─── SOURCE MATERIAL
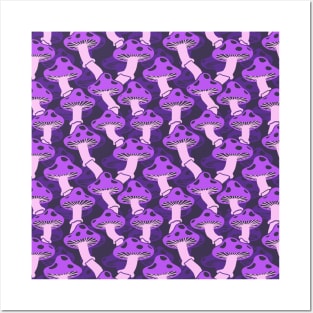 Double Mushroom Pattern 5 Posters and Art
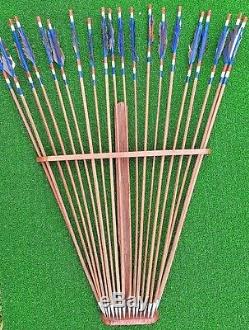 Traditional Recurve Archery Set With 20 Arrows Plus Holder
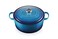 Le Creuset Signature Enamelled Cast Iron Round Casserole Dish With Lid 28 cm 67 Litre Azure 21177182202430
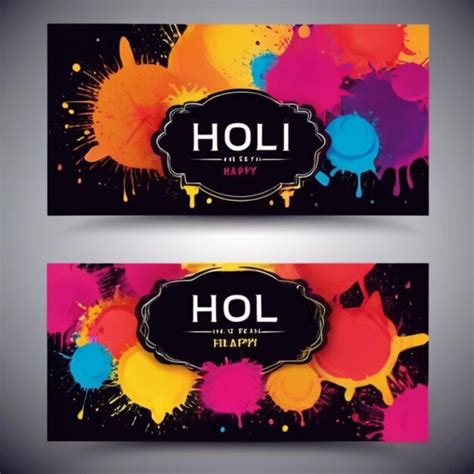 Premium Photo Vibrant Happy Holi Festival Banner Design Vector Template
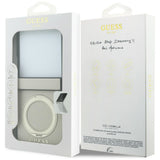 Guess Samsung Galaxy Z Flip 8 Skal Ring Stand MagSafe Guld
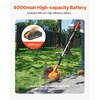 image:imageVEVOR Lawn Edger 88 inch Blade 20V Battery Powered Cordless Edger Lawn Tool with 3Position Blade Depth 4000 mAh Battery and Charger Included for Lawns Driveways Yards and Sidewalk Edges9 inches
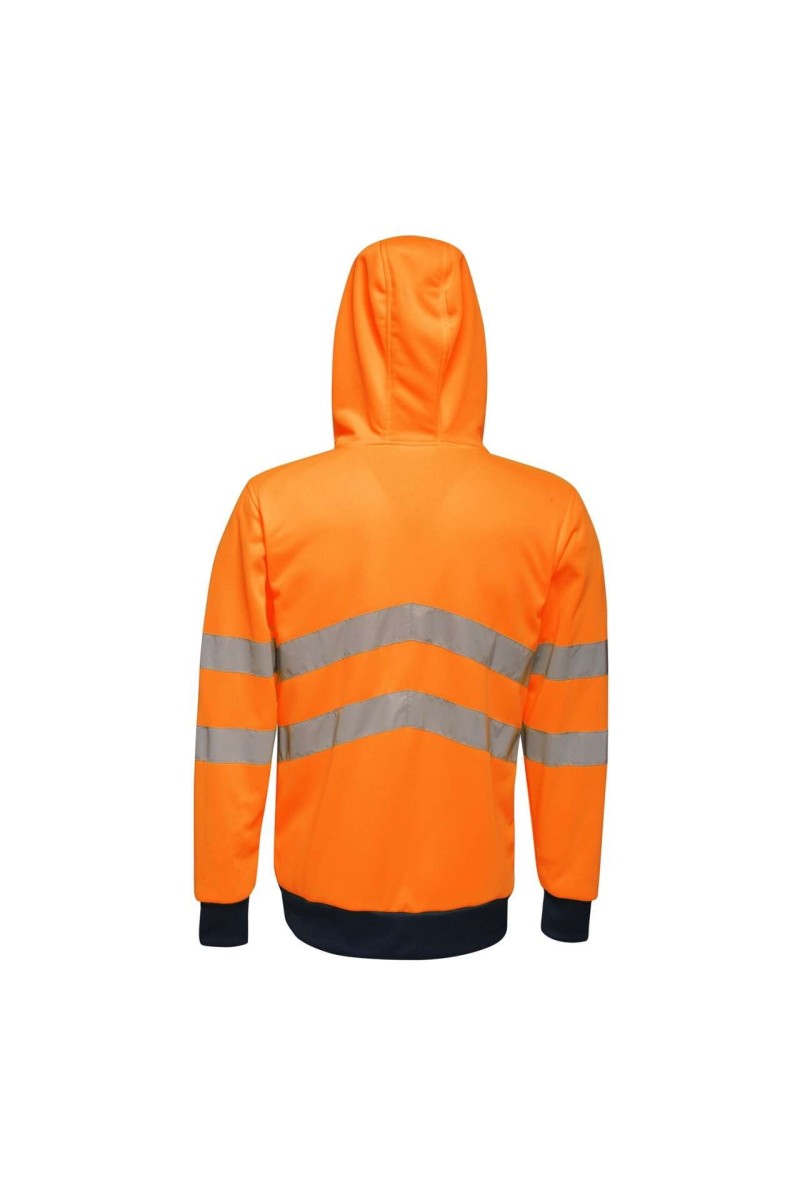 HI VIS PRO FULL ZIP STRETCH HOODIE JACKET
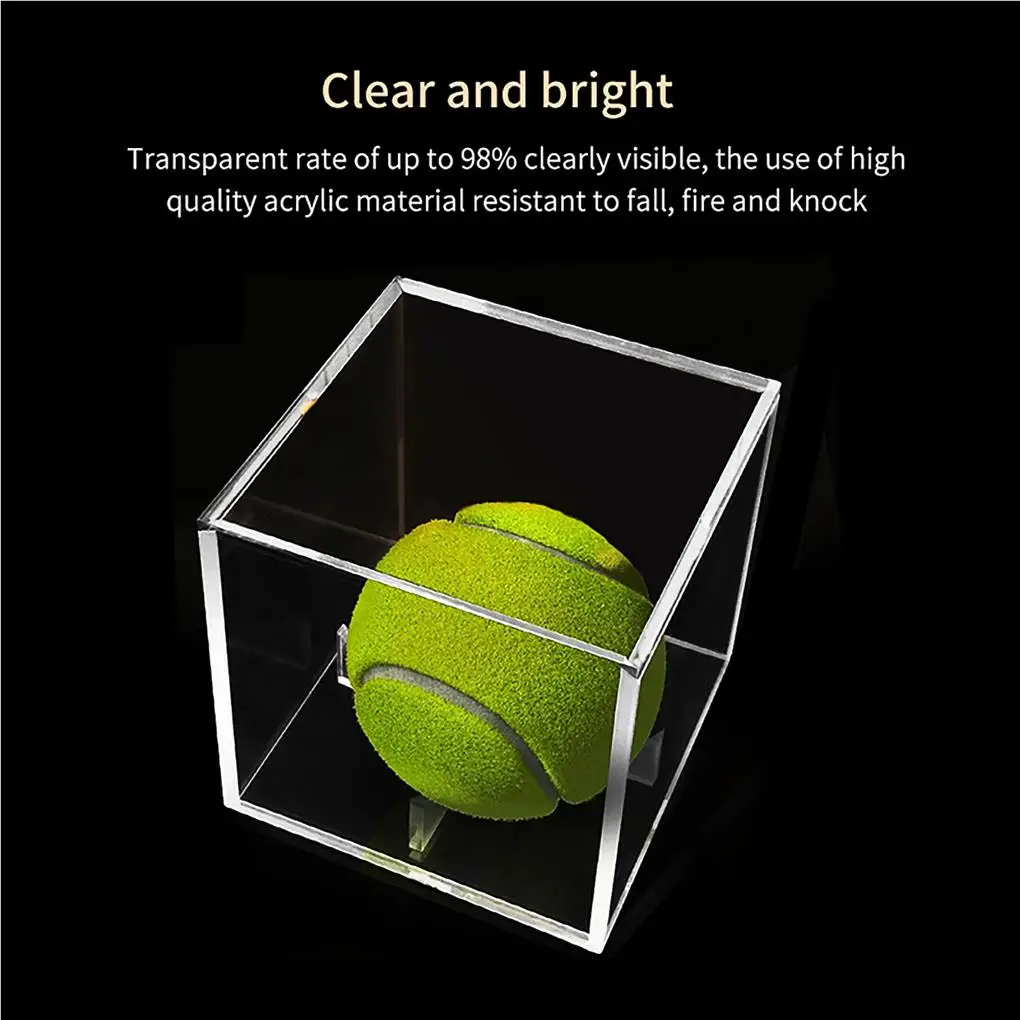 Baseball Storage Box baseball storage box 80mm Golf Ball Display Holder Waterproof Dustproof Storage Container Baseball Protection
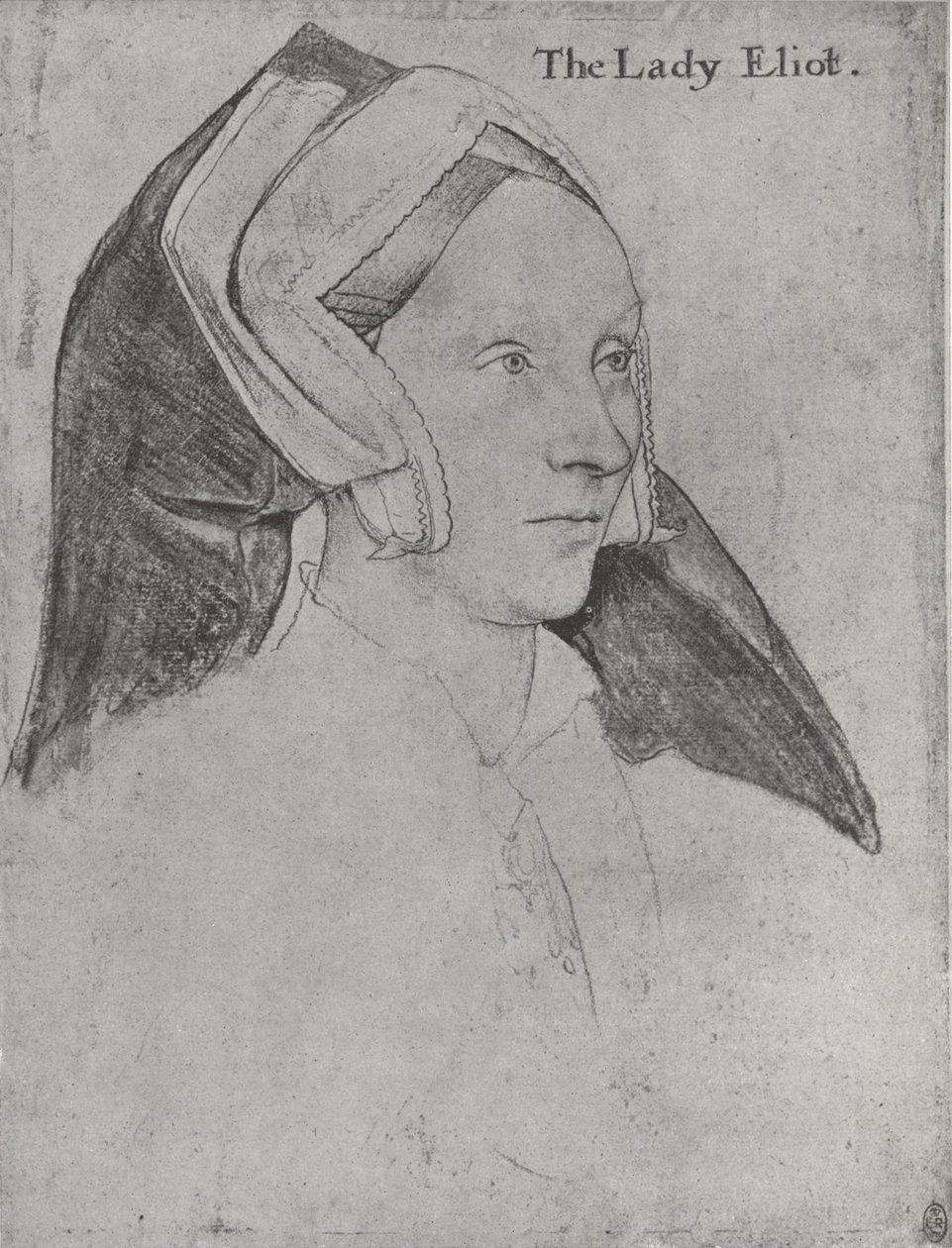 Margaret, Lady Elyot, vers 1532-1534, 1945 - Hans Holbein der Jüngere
──────
### REQUIRED WORK
Copy the lines starting at the line that contains "Premium Photo Vibrant" and running to the final line of the entries, inclusive; omit all pictures.

### RESULT BELOW
 Premium Photo Vibrant Happy Holi Festival Banner Design Vector Template
 Guess Samsung Galaxy Z Flip 8 Skal Ring Stand MagSafe Guld
 image:imageVEVOR Lawn Edger 88 inch Blade 20V Battery Powered Cordless Edger Lawn Tool with 3Position Blade Depth 4000 mAh Battery and Charger Included for Lawns Driveways Yards and Sidewalk Edges9 inches
 HI VIS PRO FULL ZIP STRETCH HOODIE JACKET
 Baseball Storage Box baseball storage box 80mm Golf Ball Display Holder Waterproof Dustproof Storage Container Baseball Protection
 Margaret, Lady Elyot, vers 1532-1534, 1945 - Hans Holbein der Jüngere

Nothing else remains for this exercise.